The search has begun!

After years of clicking through thousands of photos of sailboats on various websites, Shannon and I were finally able to step from the virtual world into reality.

Last Friday, we rolled out of bed at 4:15, gathered Pete and some clothes, and took off to catch the 5:30 Ferry to Galveston. We had scheduled visits with two yacht brokers near Corpus Christi. There were 3 specific boats that we had found online that we wanted to see.

An Endeavor 37:

A Nicholson 35:

And an Ericson 32.5:

Online, all three looked fairly good, and seemed to be what we wanted, but there was not way of knowing until we stepped aboard. We quickly learned that pictures on the internet and reality were significantly different.

We met the first broker and toured the Endeavor 37 Ketch. First impressions were excellent as the outside of the boat looked great. Clean hull and deck, it all seemed to be well maintained and cared for. Another bonus was that it was ketch rigged. This was something that I had wanted in a boat as it means that there are a lot more options in your sail plan and can perform better in a wider range of conditions. That initial impression continued as we looked inside. The A plan layout of this boat was the main reason it was on our list, it was open and roomy as it takes the V-birth (forward cabin, usually a v shaped bad) and turns it into a large salon (dining room). This really opens up the interior and makes the living space seem much larger. It has tons of storage, and it looked well maintained and clean.

That’s where things started to fall apart a bit. There was not much more to this boat than its good bones. The electronics were ancient, and essentially non-existent. The power system was minimal, and looked jury-rigged to its limits. I expect to have to replace most of the electronics as a geek, but I was not intending to rewire and re-power and entire boat.

Overall we were happy with the Endeavor and felt it was a great start to the search. We had several more boats to look at so we hopped back in the truck and headed to meet broker number two for the main event. The Nicholson 35

The Nicholson 35, according to what we saw online, was exactly the boat we wanted, and was the main reason for the trip. It was a solid full keel ocean cruiser, and its description and pictures were quite exciting. Unfortunately, that excitement quickly evaporated once we got to the boat. It was a LOT smaller than it seemed, and a lot older.
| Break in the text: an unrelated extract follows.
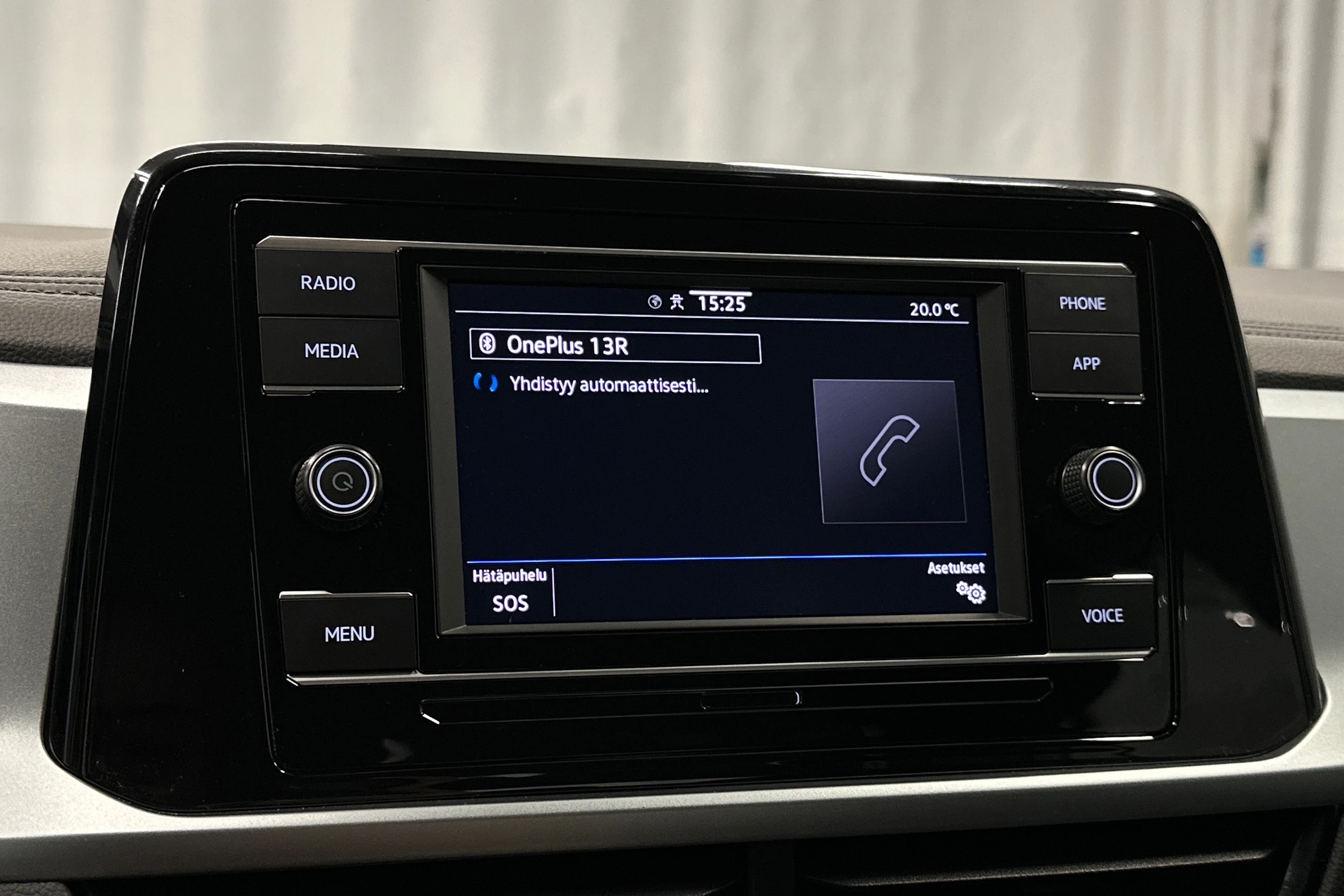 sininen Volkswagen T-Roc 2024 kuva 20.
We both felt it as we looked at the aging paint on the hull, and that feeling grew as we stepped inside to see that everything onboard looked to be original 1976 vintage. While it looked nice in pictures, it was really just too small, and too much work for what we wanted, so we moved on fairly quickly.

Right across the dock was our next boat, the Ericson 32.5, it was a bit more expensive, but also quite a bit newer and better equipped than the other boats. Ericson is a capable boat in general, but its more of a coastal cruiser than a big heavy bluewater boat, which is more of what we are looking for. This particular boat was less than half the weight of the other boats we had looked at so far, and for some reason that kept us from fully embracing the idea of it. (or it might have been the bummer that we were feeling after the last boat.) It was a fine boat, and in pretty good shape, but so far it was only 2nd on our list, and just a bit more money that we wanted to spend for “mostly” right for us.
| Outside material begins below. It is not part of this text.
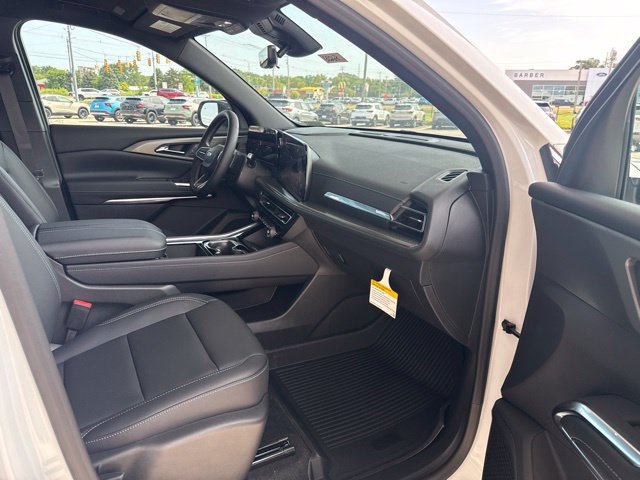 New 2026 Chevrolet Traverse LT w/ Driver Confidence Package AWD/4WD image 33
The advantage of going though a broker started paying off at this point. We had already looked at several boats and everything that we had planned, but while we talked with him he had come up with some other options. He recommended we look at this C&C 35 that had just gone up for sale and was not yet listed. It was a bit out of our price range, but it was another opportunity to see what was out there and “tune” our expectations. Turns out that it was more of a racer than a cruiser boat. Though the previous owner had made significant changes to make it more of a cruiser, it still wasn’t all that comfortable. With that and cost and general layout of the boat, we had quickly written it off.
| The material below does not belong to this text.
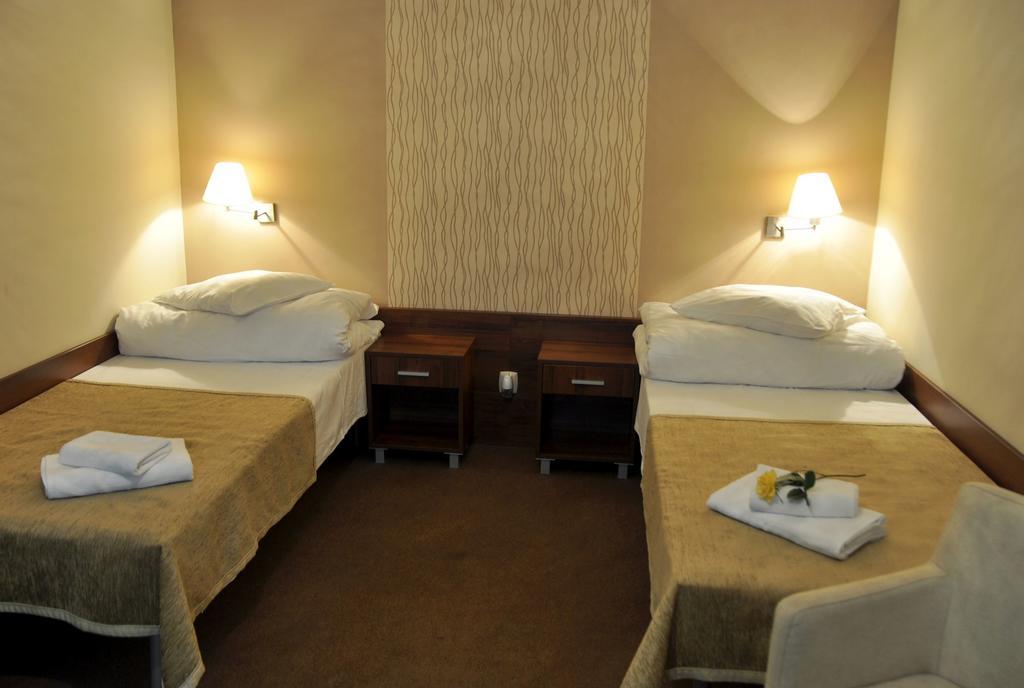 Hotel Willa Strzelnica Kościerzyna Pokoj fotografie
Once we had decided that, we spent a good half an hour chatting with the broker about our goals and what we want in a boat. This gave me some hope as he really seemed to want to help us find the right one. He had hinted that there was one more, and Islander 38 C, that he thought we would like a lot, but it wasn’t even for sale yet, and was several miles away at another marina. It was getting late and with the assumption that an Islander was automatically be out of our price range, we decided not to go check it out that evening, but agreed to meet him in the morning just to have a look. What else were we going to do while we were there.

The next morning, we met him at this other Marina. As we were walking to the dock I spotted my kryptonite, a boat with a good looking curved deck and a nice bowsprit. I pointed it out to Shannon just as a “hey look at that nice boat.” As we were admiring the nice lines, not at all thinking that it was the one we were there to look at, the broker hopped aboard, and started unlocking the cabin.

We pretty much knew then that this was exactly what we wanted. As we stepped aboard, and walked into the cabin it just began to solidify for us. This one felt right. It was spacious, and beautiful inside. Large pilothouse windows all around, large cockpit, tons of storage space. While we were touring, the broker got a call and walked away for a bit. Shannon and I just kept talked to each other and it was clear we were on the same page. The more we walked around and looked at everything, the more we wanted this boat.

Unfortunatly, its just not for sale yet. We talked to the broker, and while the owner is talking about selling, it certainly hasnt been decided yet. Even if he does sell, the price may be way more that we want to spend.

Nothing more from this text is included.